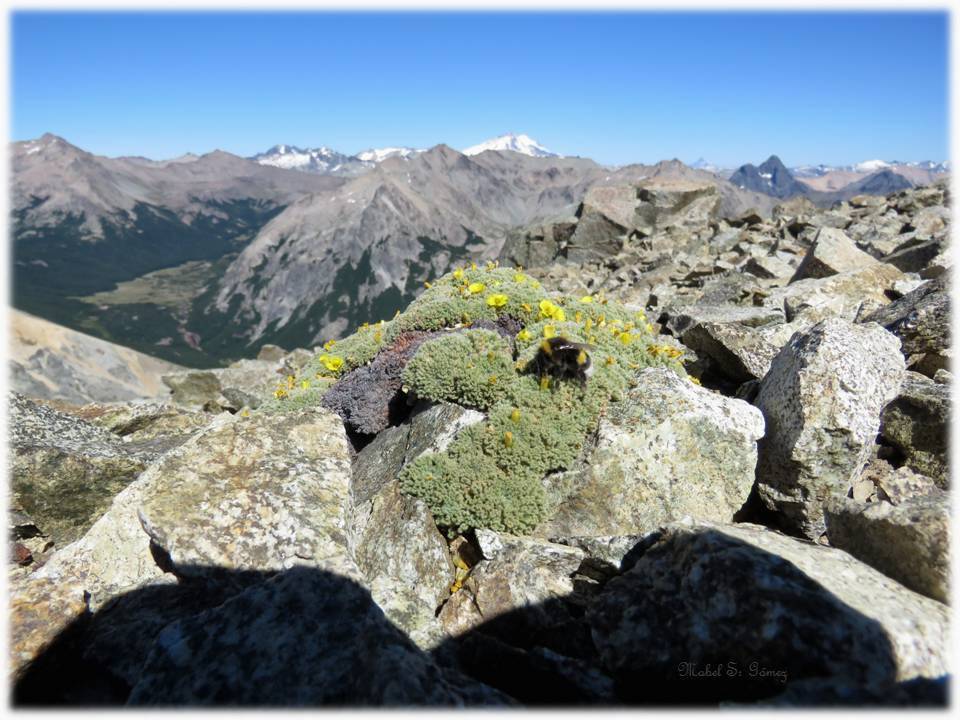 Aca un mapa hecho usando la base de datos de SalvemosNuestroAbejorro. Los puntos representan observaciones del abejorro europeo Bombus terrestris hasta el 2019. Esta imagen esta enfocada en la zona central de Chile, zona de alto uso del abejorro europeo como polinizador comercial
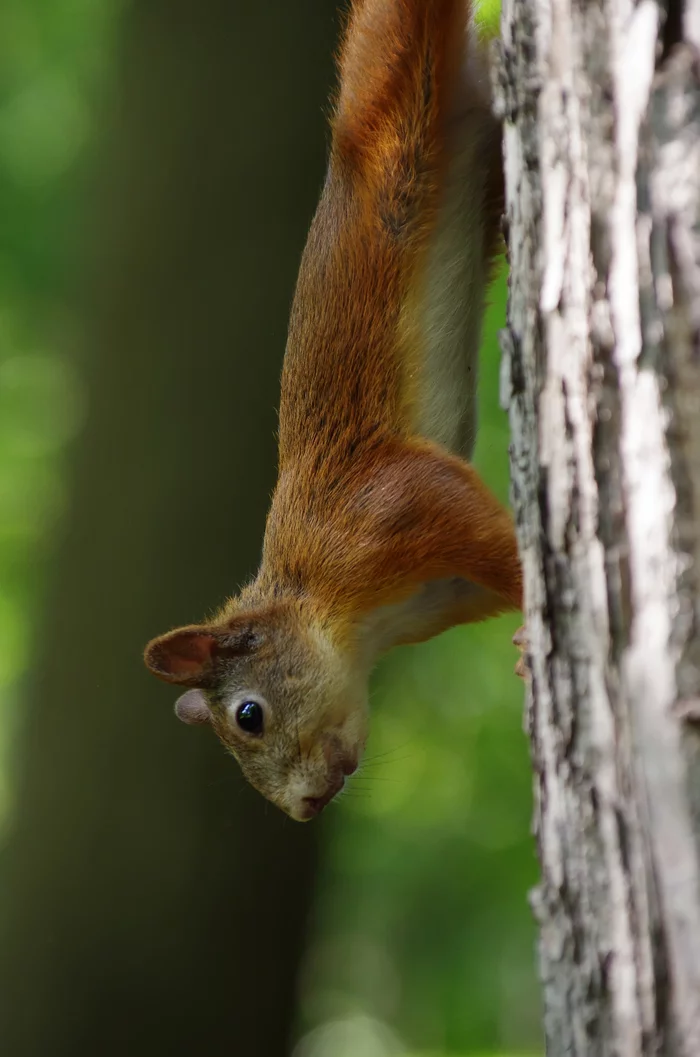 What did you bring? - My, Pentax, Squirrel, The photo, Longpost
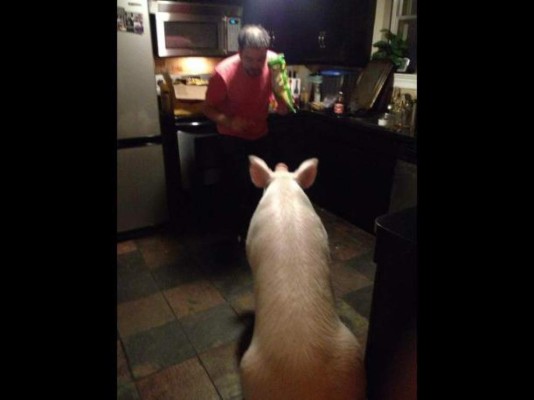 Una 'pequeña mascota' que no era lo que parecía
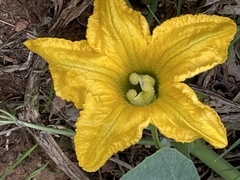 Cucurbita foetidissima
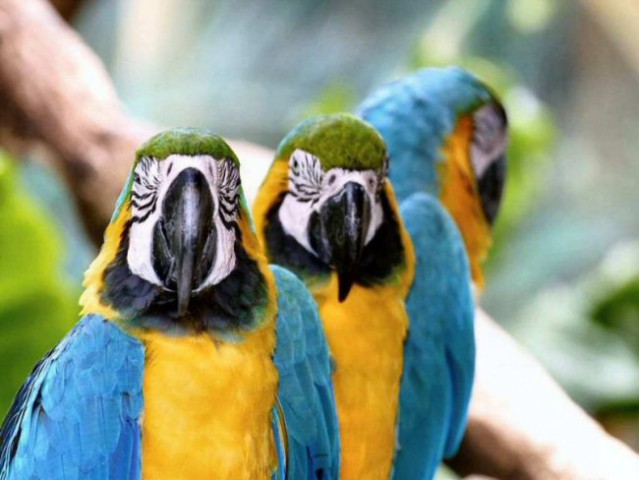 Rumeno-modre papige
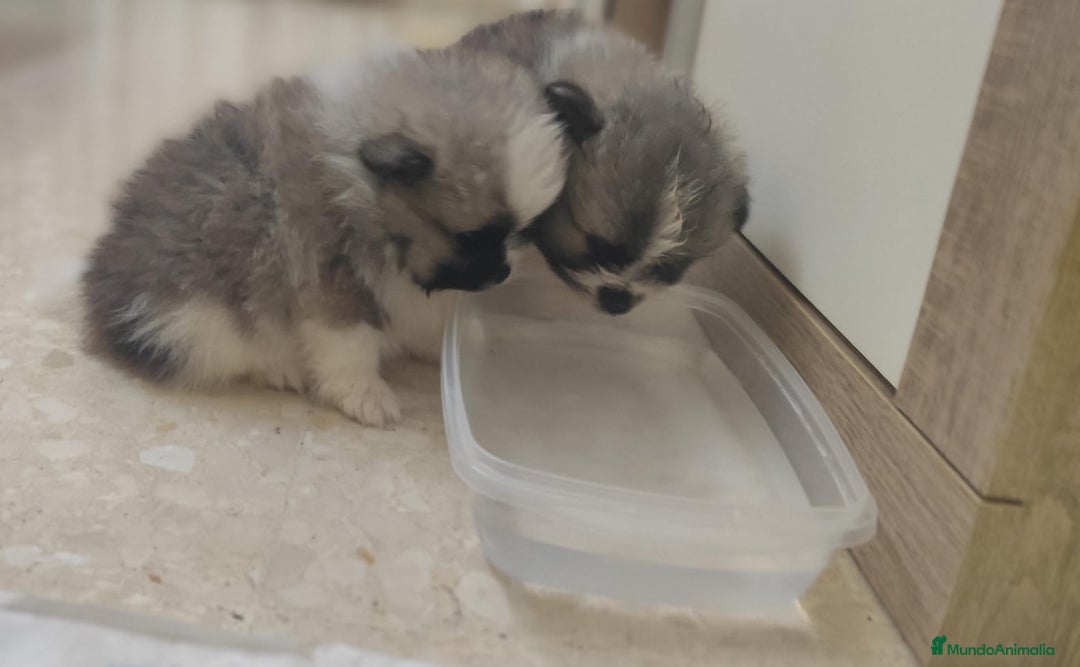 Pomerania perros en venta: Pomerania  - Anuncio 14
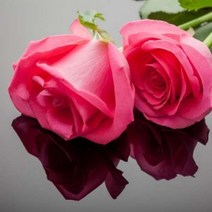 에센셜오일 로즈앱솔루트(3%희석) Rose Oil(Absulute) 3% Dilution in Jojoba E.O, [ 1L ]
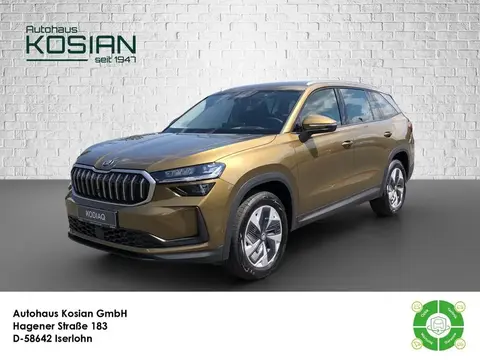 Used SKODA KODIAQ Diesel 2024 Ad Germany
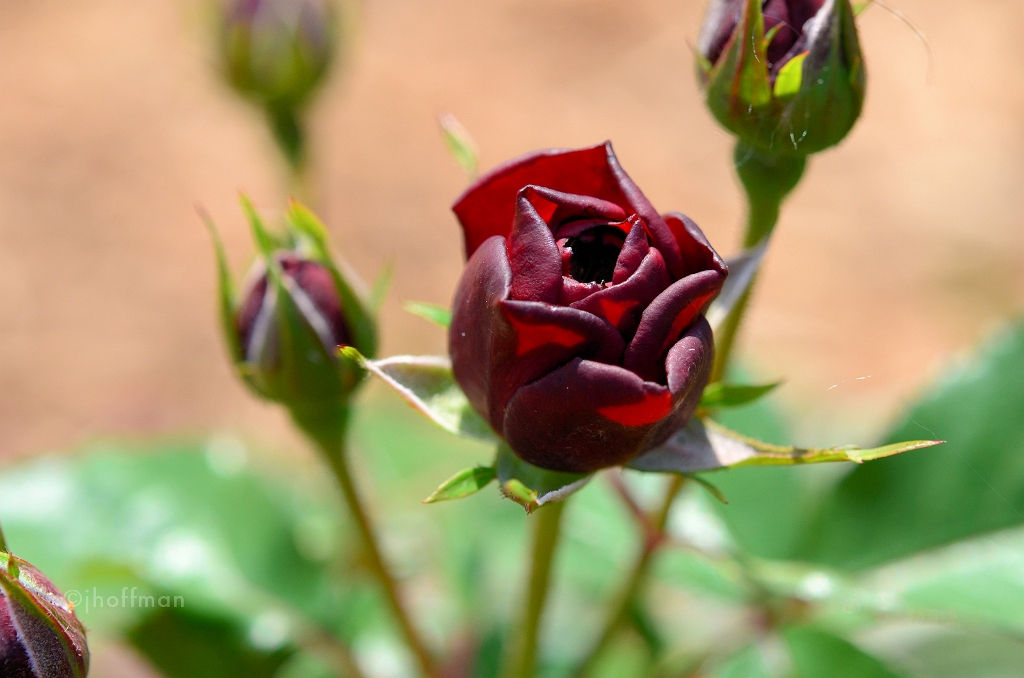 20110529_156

■ ■ ■

WORK ORDER:
Within the listing above, write out the stretch from the line with "What did you" through the line with "에센셜오일 로즈앱솔루트(3%희석) Rose" exactly. Any pictures are to be left out.

TASK RESULT:
 What did you bring? - My, Pentax, Squirrel, The photo, Longpost
 Una 'pequeña mascota' que no era lo que parecía
 Cucurbita foetidissima
 Rumeno-modre papige
 Pomerania perros en venta: Pomerania  - Anuncio 14
 에센셜오일 로즈앱솔루트(3%희석) Rose Oil(Absulute) 3% Dilution in Jojoba E.O, [ 1L ]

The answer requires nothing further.